▶ DATA FOR REVIEW
==============================

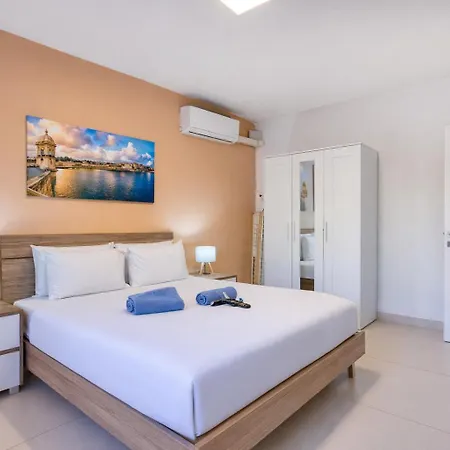 Modern & Cosy 2 Bedroom With Balcony Bsai1-1 *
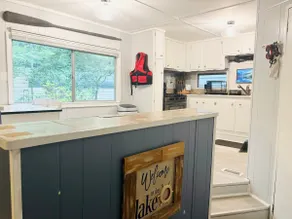 Family Friendly Lake Front Property - Image 2
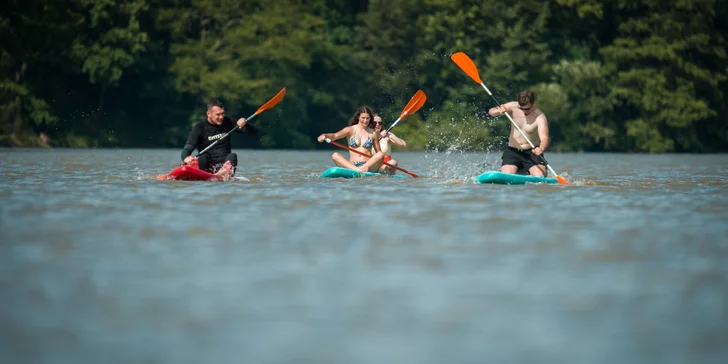 Hodina pádlování na paddleboardu pro 1 osobu na Holoubkovském rybníku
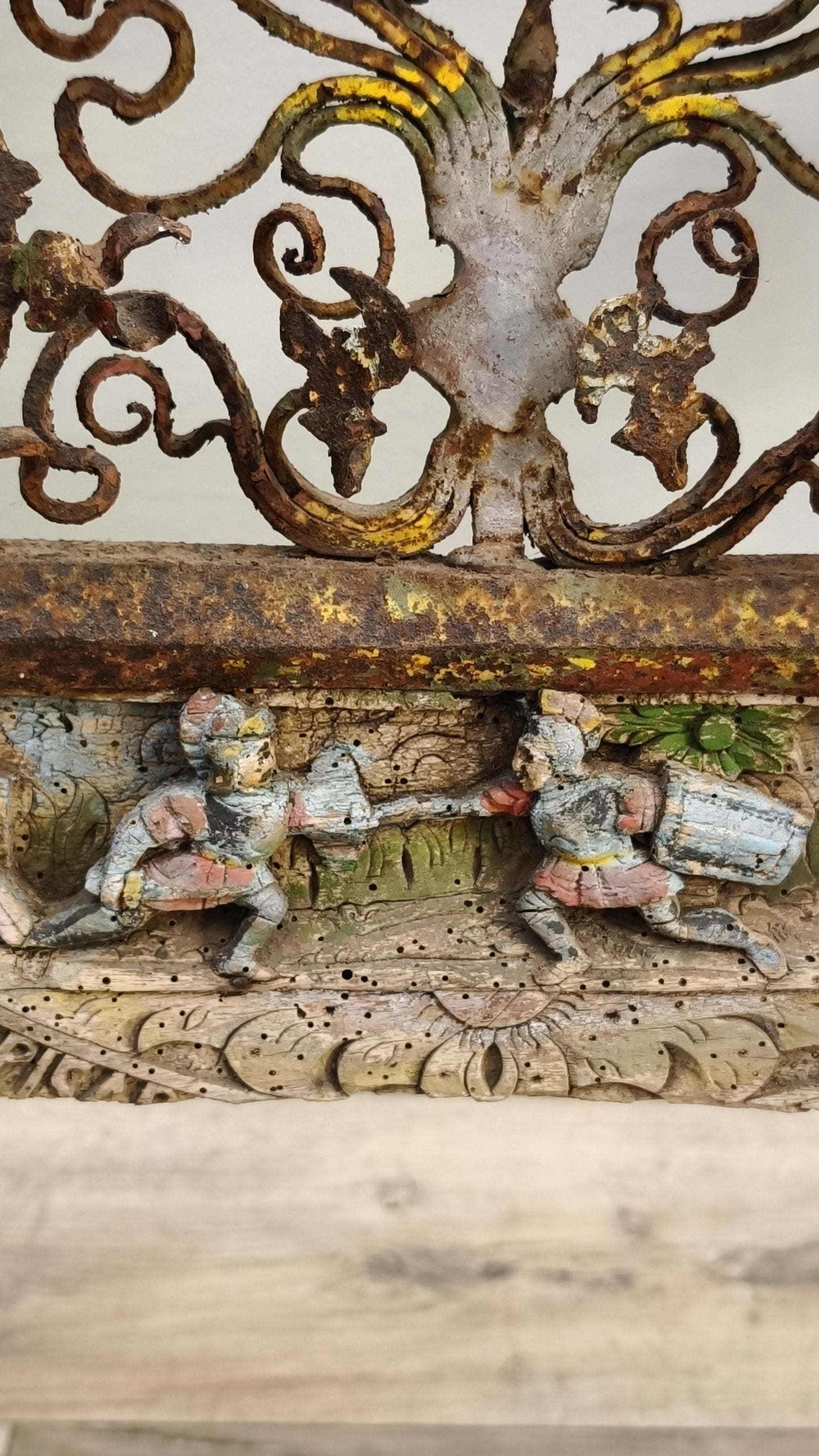 81784 Chiave di carretto siciliano in legno intagliato con supporto in ferro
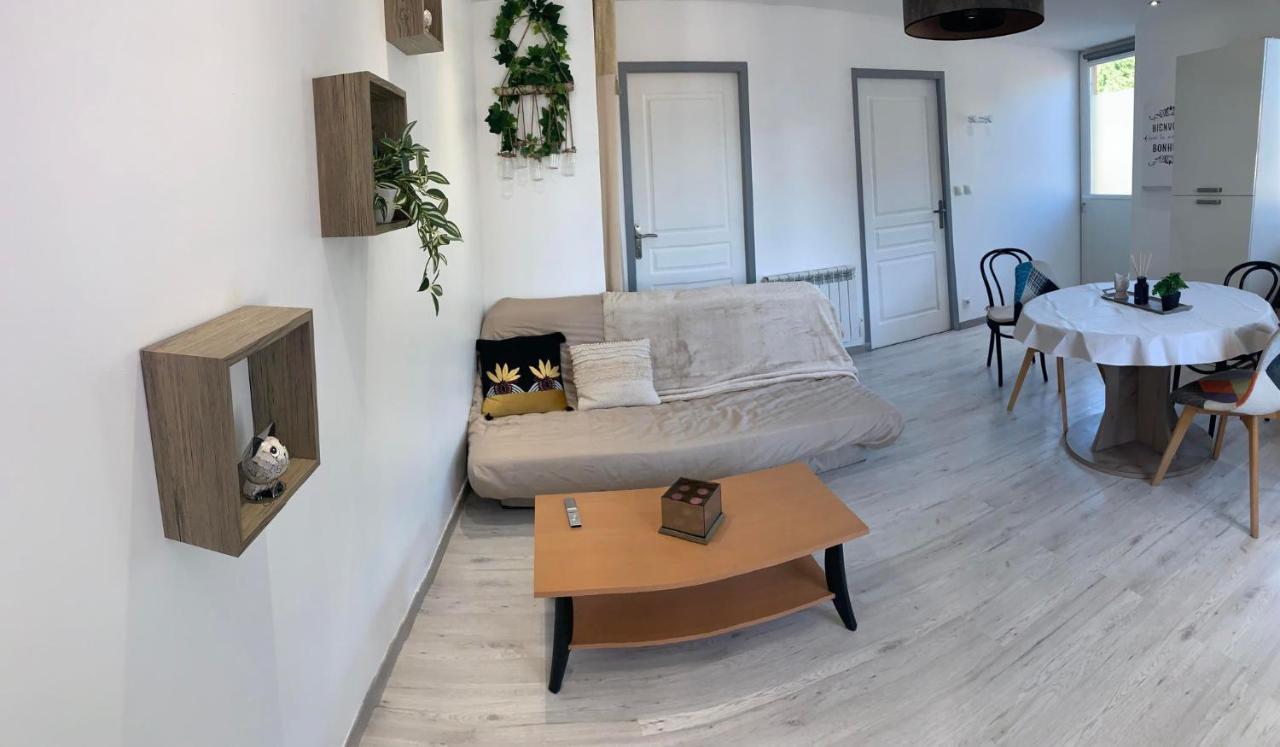 T2 Cosy Matelas 5* / Ecran Plat Qled Mâcon Eksteriør bilde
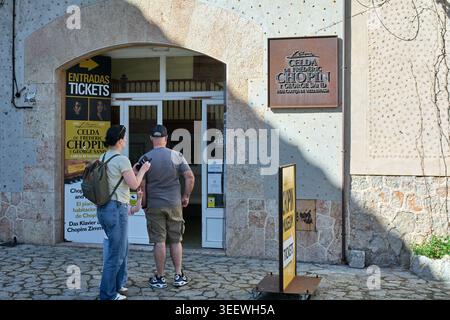 Maiorca, Spagna - 12 maggio 2026: I turisti si trovano all'ingresso della cella del museo Frederic Chopin e George Sand nella Valldemossa Charterhouse, a f Foto Stock
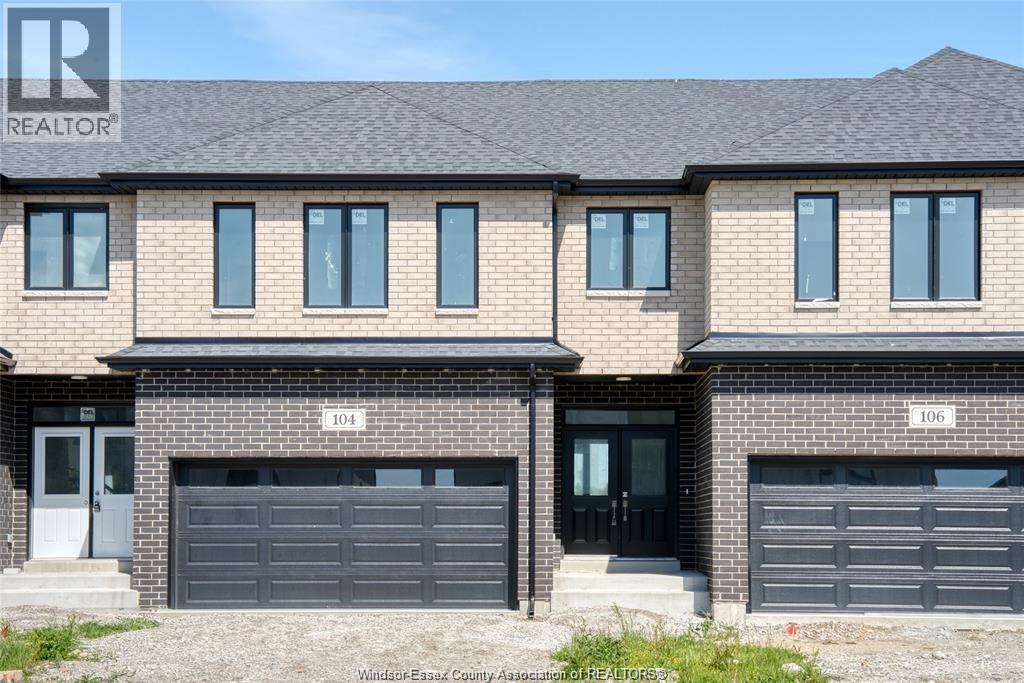 3-bedroom Single Family at 104 Eagle Street, Leamington — primary photograph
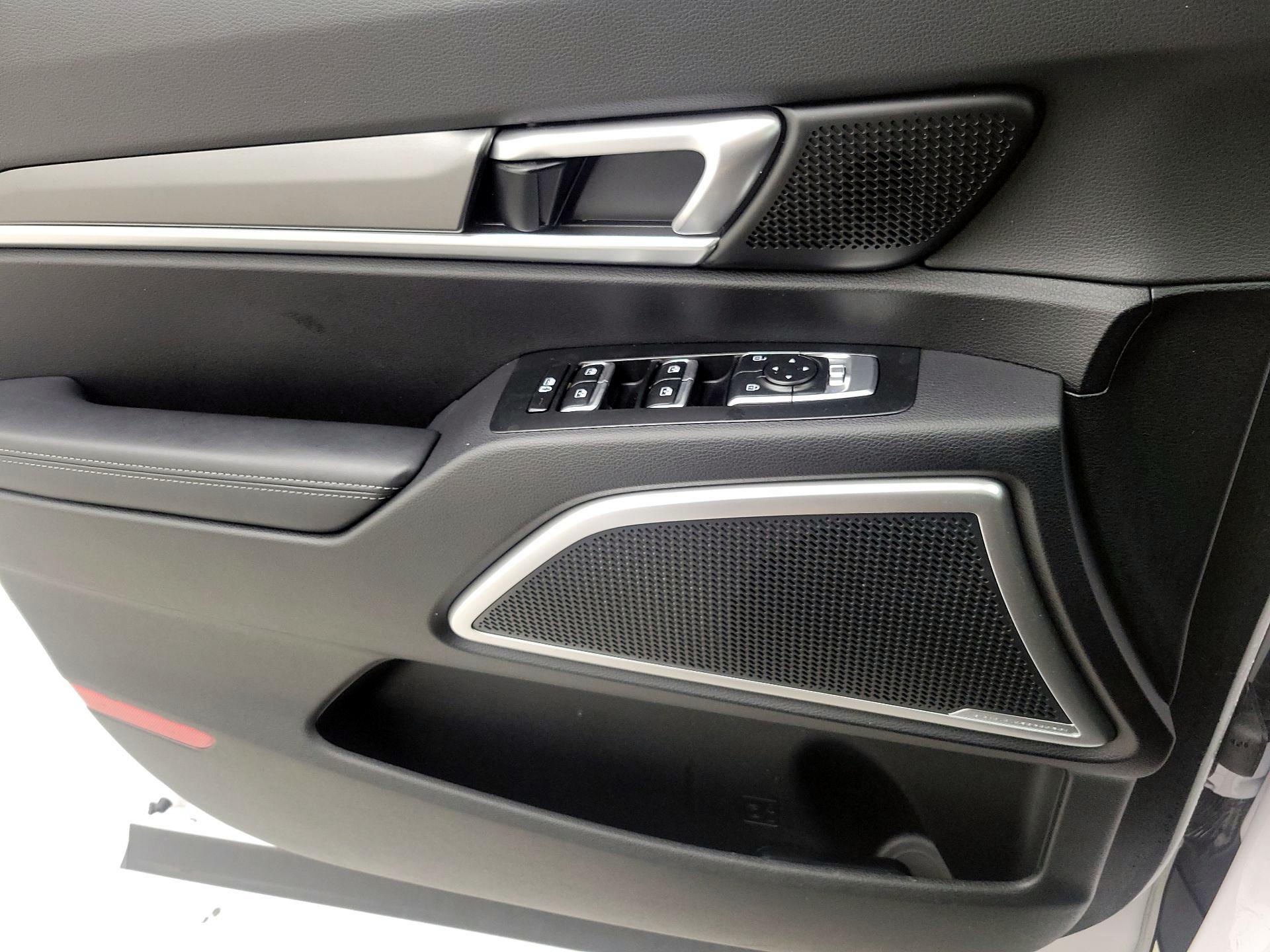 Thumbnail: 2022 Kia Telluride - 12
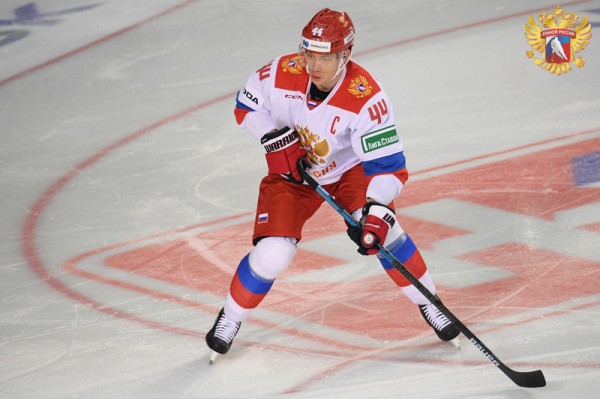 
        Дамир Шарипзянов: «Кубок Гагарина – это то, ради чего я перешёл в «Авангард»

==============================

▶ TASK GOAL
Leave the pictures out and print the whole listing precisely.

▶ REPLY
 Modern & Cosy 2 Bedroom With Balcony Bsai1-1 *
 Family Friendly Lake Front Property - Image 2
 Hodina pádlování na paddleboardu pro 1 osobu na Holoubkovském rybníku
 81784 Chiave di carretto siciliano in legno intagliato con supporto in ferro
 T2 Cosy Matelas 5* / Ecran Plat Qled Mâcon Eksteriør bilde
 Maiorca, Spagna - 12 maggio 2026: I turisti si trovano all'ingresso della cella del museo Frederic Chopin e George Sand nella Valldemossa Charterhouse, a f Foto Stock
 3-bedroom Single Family at 104 Eagle Street, Leamington — primary photograph
 Thumbnail: 2022 Kia Telluride - 12
        Дамир Шарипзянов: «Кубок Гагарина – это то, ради чего я перешёл в «Авангард»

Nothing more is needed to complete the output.